Wolfgang Stefani: Rezension des Buches „Musik trennt, Musik eint“ von Ed Christian

Dr. Wolfgang Stefani

Dr. Wolfgang Stefani hat 1976 am Avondale College einen Abschluss in Theologie erworben sowie 1981 an der Andrews-Universität einen M. A. in Musik. Er besitzt außerdem einen L. Mus. A in Klavierspiel vom Royal Conservatory of Music [Königlichen Musikkonservatorium]. Während seines Doktorats in Musik und Religion an der Andrews-Universität unterrichtete er die Fächer Gottesdienst und Kirchenmusik am Theologischen Seminar, anschließend von 1993 – 1995 sogar vollzeitlich.
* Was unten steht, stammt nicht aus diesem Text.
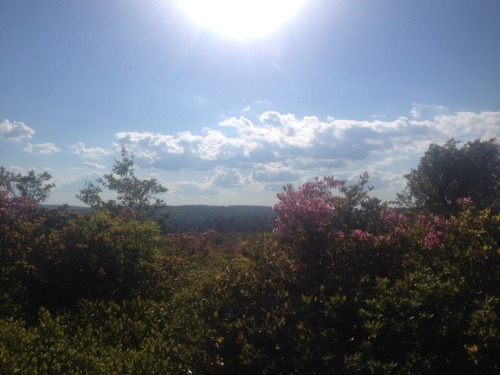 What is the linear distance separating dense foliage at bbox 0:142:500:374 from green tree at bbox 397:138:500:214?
1905 cm

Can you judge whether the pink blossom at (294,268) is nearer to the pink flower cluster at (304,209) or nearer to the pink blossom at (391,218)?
the pink flower cluster at (304,209)

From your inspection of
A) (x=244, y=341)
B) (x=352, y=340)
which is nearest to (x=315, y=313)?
(x=352, y=340)

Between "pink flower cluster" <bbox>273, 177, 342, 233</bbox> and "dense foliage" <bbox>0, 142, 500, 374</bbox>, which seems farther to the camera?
"pink flower cluster" <bbox>273, 177, 342, 233</bbox>

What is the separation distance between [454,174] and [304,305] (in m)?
24.0

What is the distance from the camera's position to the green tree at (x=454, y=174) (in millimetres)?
24938

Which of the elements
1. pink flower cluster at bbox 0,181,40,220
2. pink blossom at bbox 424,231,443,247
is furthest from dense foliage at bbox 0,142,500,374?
pink flower cluster at bbox 0,181,40,220

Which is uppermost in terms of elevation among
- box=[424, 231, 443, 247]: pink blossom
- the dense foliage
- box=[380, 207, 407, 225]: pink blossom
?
box=[380, 207, 407, 225]: pink blossom

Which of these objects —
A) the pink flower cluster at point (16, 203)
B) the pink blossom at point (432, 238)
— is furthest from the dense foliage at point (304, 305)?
the pink flower cluster at point (16, 203)

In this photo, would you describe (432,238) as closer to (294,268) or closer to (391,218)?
(391,218)

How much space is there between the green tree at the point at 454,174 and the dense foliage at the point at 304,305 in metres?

Nach zwei Jahren als Theologiedozent kehrten seine Frau und er 1997 nach Australien zurück. Seine gründlichen Studien und Präsentationen zum Thema Musik bieten interessante und wichtige Einblicke, so z. B. über das Fachgebiet der Sentik. Vorträge mit deutscher Übersetzung gibt es z. B. als Audio auf bibelschule.info.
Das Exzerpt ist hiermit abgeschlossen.